Today’s experience again ties back to important ideas from Geometry class. First, students recall that a triangle is a right triangle if it satisfies the Pythagorean theorem. Students may or may not remember how to tell if a triangle is acute or obtuse based on the measures of a^2, b^2, and c^2, but we expect students to be able to visualize how increasing the angle from 90Ëš, as in an obtuse triangle, would stretch out the third side, whereas decreasing the angle form 90Ëš, as in an acute triangle, would shorten the third side.

 

In question 2, we build curiosity by having students first make a claim about a triangle given very limited information. Only in question 3, will you provide them the side lengths of the triangle (AB=50, BC=44, and AC=29) so they can prove or disprove their conjecture.

 

As you are monitoring groups and while debriefing the lesson, continually ask students what the importance of the “2ab cos C” value is. Students should be able to articulate that if you know how much you are “off” by (the correction factor) you can find the true value.
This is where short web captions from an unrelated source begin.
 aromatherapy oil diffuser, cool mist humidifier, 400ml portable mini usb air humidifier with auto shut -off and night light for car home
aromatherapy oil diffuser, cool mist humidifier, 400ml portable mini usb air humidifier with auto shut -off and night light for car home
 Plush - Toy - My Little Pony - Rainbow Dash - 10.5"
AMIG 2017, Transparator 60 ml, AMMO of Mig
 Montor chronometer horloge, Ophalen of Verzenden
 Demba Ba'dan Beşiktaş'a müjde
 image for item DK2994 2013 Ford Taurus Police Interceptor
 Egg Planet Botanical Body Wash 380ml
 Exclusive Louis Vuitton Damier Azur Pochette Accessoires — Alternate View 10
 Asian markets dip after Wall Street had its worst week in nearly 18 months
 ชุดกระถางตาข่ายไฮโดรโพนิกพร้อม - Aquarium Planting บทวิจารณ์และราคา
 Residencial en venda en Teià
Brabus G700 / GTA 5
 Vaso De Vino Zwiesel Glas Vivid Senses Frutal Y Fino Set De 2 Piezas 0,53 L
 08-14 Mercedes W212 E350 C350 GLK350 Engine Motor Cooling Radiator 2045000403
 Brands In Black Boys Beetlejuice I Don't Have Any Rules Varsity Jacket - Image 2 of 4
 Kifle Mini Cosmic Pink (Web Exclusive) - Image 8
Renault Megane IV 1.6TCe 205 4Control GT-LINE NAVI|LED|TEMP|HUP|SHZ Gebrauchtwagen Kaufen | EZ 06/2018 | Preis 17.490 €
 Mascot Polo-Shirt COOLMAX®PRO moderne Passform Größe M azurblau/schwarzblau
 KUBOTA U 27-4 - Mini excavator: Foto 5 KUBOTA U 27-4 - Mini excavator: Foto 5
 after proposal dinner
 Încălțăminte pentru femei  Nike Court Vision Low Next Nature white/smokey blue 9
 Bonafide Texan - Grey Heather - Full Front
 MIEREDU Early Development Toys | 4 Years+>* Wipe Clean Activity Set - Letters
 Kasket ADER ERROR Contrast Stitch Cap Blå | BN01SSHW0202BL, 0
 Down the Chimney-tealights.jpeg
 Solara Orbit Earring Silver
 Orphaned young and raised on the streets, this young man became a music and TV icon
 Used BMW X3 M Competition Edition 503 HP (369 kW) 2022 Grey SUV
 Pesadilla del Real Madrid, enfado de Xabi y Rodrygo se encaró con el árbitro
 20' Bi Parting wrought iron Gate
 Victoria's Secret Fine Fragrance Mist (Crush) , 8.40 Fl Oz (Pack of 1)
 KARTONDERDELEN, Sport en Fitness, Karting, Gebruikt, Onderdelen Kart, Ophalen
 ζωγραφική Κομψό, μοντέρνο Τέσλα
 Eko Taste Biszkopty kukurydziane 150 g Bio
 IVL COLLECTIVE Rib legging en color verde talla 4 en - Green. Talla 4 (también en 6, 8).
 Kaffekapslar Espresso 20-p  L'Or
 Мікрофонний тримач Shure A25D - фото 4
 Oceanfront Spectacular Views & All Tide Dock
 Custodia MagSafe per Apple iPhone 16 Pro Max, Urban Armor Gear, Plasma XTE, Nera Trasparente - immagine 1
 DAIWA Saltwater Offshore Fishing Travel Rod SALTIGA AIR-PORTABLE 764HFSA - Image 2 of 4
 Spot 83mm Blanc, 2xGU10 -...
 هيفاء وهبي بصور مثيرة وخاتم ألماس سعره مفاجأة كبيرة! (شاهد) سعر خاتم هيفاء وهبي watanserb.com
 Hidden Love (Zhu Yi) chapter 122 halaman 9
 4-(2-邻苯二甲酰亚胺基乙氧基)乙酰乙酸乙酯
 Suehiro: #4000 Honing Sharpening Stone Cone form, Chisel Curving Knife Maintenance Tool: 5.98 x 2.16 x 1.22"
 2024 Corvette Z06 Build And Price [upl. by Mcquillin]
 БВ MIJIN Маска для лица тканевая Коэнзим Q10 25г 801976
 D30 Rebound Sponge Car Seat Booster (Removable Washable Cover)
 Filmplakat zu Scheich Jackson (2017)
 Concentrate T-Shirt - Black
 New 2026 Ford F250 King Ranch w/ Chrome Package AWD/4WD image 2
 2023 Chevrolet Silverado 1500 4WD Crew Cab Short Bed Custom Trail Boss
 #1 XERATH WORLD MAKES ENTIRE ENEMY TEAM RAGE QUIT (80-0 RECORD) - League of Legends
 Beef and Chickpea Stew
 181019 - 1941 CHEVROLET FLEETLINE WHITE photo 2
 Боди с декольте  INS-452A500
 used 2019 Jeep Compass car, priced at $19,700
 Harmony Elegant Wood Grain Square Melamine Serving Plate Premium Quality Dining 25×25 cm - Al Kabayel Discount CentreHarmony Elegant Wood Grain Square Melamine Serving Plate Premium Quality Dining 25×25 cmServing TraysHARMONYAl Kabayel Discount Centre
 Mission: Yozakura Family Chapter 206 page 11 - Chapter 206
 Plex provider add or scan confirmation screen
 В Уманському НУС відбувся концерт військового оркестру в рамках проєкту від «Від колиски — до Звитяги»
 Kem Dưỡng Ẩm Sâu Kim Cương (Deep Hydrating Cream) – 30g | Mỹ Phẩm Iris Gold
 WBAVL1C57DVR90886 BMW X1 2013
We use the analogy of a student asking their friend about some numerical value (temperature, grade in class, etc.) and them knowing from experience that their friend always lies by a certain amount. If you know how much a student lies by, can you figure out the true temperature/grade/etc.?

 

In the final question, we ask groups to find a more general relationship between a, b, and c, using the fact that they now know how much each triangle is “off” from the Pythagorean theorem. Many students wrote their equation as c^2+2ab cos C=a^2+b^2. It makes a lot of sense to write the equation in this way, as it clearly illustrates that when c^2 is too small, we need to add to it, and when c^2 is too big we need to subtract from it (since 2ab cos C will be negative when C is obtuse). Essentially students are writing the Law of Cosines before it is given to them.

 

One extension for groups that are ready for a challenge is to ask them to find the measure of angle C in the triangle from question 2, by knowing the size of the correction factor.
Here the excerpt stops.